Thread: Database Disappeared

Database Disappeared

From
"Roberts, Adam"
Date:
Some time ago (May 2004), we were making changes to a Postgresql server
to allow a host to connect (pg_hba.conf).  When we restarted the server,
and restarted the AOLserver process, there was only one table left. All
the ACS tables were gone.

As we were troubleshooting the problem, we found the last known good
dump (I pg_dump every four hours) was a month previous (sometime in
April), when we made a change to ttracker_tickets's table.

From that time in April up unitl we last had this problem, openacs
worked fine, but the dumps were missing all ACS related tables.

We have encountered this exact same problem again today.  Originally, we
thought it was due to a fault in our procedures in making the changes,
however, this time, no one was altering anything.  This appears to have
happened sans any human intervention.

The following is a link to the last post we had with this same problem:
http://openacs.org/forums/message-view?message_id=185837

The following is a link to the post we made last friday about the
current problem:
http://openacs.org/forums/message-view?message_id=206092


We thought that this might be an AOLserver problem, however, through our
investigation and comments from posts to the OpenACS board, we believe
this is an error with PostgresSQL.


We are hoping that someone might have some ideas or any experience with
this.  Thanks!!


Re: Database Disappeared

From
"Joshua D. Drake"
Date:
>We thought that this might be an AOLserver problem, however, through our
>investigation and comments from posts to the OpenACS board, we believe
>this is an error with PostgresSQL.
>
>
>We are hoping that someone might have some ideas or any experience with
>this.  Thanks!!
>
>
>
Are you vacuuming?

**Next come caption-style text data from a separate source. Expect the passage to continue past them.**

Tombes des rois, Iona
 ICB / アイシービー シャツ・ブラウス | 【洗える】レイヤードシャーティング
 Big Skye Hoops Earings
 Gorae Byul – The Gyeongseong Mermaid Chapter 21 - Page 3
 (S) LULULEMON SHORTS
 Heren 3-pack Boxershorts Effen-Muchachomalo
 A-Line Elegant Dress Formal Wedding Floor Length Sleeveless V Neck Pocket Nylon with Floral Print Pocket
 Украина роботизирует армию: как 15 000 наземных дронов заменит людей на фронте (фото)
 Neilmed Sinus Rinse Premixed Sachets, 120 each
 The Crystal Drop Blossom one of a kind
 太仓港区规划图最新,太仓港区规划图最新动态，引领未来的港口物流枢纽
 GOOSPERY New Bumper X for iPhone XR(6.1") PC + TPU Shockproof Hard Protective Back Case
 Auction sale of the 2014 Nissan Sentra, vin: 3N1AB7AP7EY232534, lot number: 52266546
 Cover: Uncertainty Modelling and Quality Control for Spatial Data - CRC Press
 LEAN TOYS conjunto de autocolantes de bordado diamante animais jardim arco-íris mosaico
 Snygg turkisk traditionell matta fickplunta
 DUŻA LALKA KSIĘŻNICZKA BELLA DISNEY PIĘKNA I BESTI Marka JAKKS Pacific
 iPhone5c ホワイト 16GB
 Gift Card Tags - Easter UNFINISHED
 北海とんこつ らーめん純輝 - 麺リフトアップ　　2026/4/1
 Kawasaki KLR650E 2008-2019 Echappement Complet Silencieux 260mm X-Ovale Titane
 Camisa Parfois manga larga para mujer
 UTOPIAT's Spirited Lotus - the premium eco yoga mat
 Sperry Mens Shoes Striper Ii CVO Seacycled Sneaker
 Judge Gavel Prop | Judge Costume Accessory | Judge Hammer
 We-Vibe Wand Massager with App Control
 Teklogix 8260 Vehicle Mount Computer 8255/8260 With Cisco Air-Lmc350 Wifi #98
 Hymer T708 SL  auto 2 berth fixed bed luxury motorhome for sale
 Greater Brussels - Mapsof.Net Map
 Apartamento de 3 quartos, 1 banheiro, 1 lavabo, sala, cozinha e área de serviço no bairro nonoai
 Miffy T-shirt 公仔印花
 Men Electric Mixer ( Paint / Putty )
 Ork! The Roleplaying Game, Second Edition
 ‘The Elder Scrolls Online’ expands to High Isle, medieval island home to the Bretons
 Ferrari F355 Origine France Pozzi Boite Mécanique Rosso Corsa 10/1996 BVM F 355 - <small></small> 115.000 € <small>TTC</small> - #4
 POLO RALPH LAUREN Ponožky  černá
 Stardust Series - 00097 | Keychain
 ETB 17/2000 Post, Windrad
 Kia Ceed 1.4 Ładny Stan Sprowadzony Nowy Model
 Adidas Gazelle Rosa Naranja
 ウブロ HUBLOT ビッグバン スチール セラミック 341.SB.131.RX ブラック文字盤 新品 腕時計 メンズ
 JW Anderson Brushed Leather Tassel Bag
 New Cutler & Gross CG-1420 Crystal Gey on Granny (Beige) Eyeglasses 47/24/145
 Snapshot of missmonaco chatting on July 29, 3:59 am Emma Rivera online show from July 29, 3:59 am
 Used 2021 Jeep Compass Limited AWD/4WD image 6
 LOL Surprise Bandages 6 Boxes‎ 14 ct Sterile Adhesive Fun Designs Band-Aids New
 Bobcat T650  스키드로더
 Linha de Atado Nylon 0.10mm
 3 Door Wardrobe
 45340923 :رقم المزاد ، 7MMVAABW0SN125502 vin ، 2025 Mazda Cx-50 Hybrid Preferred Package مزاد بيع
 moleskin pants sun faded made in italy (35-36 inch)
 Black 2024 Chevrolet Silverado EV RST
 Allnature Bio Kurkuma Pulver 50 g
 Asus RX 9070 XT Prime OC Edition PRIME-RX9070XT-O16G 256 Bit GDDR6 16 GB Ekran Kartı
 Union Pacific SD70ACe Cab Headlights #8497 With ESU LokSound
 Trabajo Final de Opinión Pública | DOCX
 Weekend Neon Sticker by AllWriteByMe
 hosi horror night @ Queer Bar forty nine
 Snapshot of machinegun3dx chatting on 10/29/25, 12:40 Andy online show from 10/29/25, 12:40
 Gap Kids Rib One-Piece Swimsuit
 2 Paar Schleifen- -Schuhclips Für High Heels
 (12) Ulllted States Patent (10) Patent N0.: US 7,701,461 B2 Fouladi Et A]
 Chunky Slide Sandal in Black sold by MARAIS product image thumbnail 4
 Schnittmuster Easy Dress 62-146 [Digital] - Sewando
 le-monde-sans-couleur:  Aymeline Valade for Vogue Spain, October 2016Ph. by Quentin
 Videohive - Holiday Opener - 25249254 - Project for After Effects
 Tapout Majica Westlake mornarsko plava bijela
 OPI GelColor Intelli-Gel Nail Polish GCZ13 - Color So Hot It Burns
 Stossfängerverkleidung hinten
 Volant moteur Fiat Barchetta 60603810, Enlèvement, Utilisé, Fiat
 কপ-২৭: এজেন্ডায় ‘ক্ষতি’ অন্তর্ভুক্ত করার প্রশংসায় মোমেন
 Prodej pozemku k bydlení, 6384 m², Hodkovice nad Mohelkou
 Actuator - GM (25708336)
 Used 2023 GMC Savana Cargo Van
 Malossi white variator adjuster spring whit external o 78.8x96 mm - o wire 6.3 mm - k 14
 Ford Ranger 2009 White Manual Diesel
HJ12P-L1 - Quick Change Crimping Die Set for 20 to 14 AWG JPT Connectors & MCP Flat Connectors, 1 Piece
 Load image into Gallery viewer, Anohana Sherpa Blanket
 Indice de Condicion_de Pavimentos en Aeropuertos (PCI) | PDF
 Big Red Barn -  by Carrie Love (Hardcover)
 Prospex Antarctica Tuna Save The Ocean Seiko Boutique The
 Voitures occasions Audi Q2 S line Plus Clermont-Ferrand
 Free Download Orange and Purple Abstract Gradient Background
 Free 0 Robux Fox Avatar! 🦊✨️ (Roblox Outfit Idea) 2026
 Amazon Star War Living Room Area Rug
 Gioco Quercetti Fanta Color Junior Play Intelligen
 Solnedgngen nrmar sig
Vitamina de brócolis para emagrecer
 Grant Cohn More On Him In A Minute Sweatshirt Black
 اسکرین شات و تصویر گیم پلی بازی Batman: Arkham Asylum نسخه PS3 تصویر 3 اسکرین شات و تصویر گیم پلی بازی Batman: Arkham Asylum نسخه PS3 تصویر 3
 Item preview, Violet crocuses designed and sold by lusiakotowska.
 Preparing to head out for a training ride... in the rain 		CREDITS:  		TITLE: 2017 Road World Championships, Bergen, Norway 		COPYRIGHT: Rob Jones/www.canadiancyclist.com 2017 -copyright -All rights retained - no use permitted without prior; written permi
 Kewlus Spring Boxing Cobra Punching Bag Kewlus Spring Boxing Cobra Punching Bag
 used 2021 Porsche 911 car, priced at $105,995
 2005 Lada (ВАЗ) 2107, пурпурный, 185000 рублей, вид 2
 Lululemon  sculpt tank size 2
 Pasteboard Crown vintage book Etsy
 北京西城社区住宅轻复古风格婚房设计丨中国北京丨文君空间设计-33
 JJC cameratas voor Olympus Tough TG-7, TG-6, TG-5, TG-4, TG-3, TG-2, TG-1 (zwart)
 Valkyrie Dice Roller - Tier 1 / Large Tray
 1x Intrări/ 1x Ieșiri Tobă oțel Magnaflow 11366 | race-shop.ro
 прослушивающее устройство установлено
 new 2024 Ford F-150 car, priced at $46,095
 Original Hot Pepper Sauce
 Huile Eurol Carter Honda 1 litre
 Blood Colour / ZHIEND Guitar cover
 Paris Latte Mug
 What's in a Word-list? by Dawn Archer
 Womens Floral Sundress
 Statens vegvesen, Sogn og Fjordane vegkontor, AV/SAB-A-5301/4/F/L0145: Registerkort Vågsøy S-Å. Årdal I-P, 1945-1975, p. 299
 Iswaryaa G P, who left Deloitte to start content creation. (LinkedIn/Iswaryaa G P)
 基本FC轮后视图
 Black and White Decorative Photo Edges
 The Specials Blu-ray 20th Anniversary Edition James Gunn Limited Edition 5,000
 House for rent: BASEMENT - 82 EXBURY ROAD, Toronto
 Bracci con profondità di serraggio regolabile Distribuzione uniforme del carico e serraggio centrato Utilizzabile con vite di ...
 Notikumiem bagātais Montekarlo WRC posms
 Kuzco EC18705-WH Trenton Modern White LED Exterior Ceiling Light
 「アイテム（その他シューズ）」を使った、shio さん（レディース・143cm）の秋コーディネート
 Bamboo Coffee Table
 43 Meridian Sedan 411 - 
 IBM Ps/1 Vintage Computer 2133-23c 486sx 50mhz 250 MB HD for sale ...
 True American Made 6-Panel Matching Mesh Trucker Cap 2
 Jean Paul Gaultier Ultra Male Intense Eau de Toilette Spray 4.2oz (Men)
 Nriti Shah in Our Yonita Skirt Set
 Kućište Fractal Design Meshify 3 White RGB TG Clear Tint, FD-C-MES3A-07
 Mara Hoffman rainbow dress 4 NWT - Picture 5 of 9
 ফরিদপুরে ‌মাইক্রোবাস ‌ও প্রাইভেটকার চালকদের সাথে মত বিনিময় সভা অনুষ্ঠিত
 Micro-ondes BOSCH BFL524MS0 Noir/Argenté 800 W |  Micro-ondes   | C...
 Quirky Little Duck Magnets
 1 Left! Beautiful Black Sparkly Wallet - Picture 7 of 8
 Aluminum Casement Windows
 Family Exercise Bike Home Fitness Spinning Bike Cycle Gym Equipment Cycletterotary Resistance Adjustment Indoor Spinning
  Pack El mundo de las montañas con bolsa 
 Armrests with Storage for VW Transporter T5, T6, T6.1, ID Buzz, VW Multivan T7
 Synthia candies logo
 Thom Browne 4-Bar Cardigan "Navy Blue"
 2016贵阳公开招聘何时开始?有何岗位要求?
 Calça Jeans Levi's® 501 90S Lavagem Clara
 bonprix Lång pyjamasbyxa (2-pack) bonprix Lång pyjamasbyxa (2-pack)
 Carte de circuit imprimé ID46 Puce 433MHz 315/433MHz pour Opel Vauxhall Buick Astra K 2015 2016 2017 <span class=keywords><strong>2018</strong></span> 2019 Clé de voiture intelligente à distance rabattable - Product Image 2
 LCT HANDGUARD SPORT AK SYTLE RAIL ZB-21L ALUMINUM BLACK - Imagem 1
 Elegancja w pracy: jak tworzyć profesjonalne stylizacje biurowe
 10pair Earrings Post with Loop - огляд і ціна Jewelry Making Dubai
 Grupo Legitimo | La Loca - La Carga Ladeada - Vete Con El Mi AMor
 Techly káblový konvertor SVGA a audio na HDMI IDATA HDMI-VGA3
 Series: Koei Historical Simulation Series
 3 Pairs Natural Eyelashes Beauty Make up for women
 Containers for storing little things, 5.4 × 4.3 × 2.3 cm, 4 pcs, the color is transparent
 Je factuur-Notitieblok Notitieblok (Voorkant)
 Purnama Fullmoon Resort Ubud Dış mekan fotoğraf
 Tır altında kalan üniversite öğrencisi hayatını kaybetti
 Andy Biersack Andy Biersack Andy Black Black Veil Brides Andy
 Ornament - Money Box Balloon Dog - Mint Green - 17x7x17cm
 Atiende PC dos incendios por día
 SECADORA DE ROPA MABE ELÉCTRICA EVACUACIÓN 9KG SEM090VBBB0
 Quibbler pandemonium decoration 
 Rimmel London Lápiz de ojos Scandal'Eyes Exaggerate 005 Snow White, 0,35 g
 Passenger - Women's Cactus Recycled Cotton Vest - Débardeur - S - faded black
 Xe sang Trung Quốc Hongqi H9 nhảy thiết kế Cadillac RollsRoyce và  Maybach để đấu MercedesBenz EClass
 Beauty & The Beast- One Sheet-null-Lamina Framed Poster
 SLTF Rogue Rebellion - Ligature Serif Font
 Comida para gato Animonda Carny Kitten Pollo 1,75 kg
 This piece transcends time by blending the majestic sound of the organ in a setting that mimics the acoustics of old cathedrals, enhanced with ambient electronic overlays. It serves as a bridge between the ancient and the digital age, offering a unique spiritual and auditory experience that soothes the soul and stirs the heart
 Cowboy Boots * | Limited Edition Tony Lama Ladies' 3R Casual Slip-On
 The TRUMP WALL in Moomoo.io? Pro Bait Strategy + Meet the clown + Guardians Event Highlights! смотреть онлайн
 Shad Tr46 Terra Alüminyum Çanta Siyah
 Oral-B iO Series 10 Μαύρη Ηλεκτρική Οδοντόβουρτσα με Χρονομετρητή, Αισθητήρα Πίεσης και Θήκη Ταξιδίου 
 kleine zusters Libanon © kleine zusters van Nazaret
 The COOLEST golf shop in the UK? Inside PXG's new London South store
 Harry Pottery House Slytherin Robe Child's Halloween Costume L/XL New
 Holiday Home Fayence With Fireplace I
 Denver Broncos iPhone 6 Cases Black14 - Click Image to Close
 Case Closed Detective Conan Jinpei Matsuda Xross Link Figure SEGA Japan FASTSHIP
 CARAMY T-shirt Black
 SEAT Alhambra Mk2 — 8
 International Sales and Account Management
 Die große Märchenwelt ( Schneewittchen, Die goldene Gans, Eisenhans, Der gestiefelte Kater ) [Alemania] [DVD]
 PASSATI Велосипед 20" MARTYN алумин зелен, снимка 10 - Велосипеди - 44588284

How often?

Sincerely,

Joshua D. Drake




>---------------------------(end of broadcast)---------------------------
>TIP 4: Don't 'kill -9' the postmaster
>
>


--
Command Prompt, Inc., home of Mammoth PostgreSQL - S/ODBC and S/JDBC
Postgresql support, programming shared hosting and dedicated hosting.
+1-503-667-4564 - jd@commandprompt.com - http://www.commandprompt.com
PostgreSQL Replicator -- production quality replication for PostgreSQL


Re: Database Disappeared

From
Tom Lane
Date:
"Roberts, Adam" <Adam.Roberts@echostar.com> writes:
> The following is a link to the last post we had with this same problem:
> http://openacs.org/forums/message-view?message_id=185837

Given the comment about 500M pg_clog, I would venture that you aren't
doing adequate vacuuming and have therefore run into a transaction ID
wraparound failure.  500Mb clog corresponds to 2 billion transactions
which is right about where things would blow up if you'd not done the
necessary database-wide vacuums; and the fact that clog hasn't gotten
truncated is pretty strong evidence that you didn't.

Please read the administrator's guide:
http://www.postgresql.org/docs/7.4/static/maintenance.html
(adjust for your PG version as needed)

            regards, tom lane

Re: Database Disappeared

From
"Roberts, Adam"
Date:
Tom,
Thanks so much for your reply.  In fact we were not vacuuming this
particular db at all! While we have other postgres db's on this same
host, this was a "recently" added db and it was never added to the
individual db list to be vacuumed.  We have since modified the cronjob
to perform a "vacuumdb -a -z" to avoid such an omission in the future.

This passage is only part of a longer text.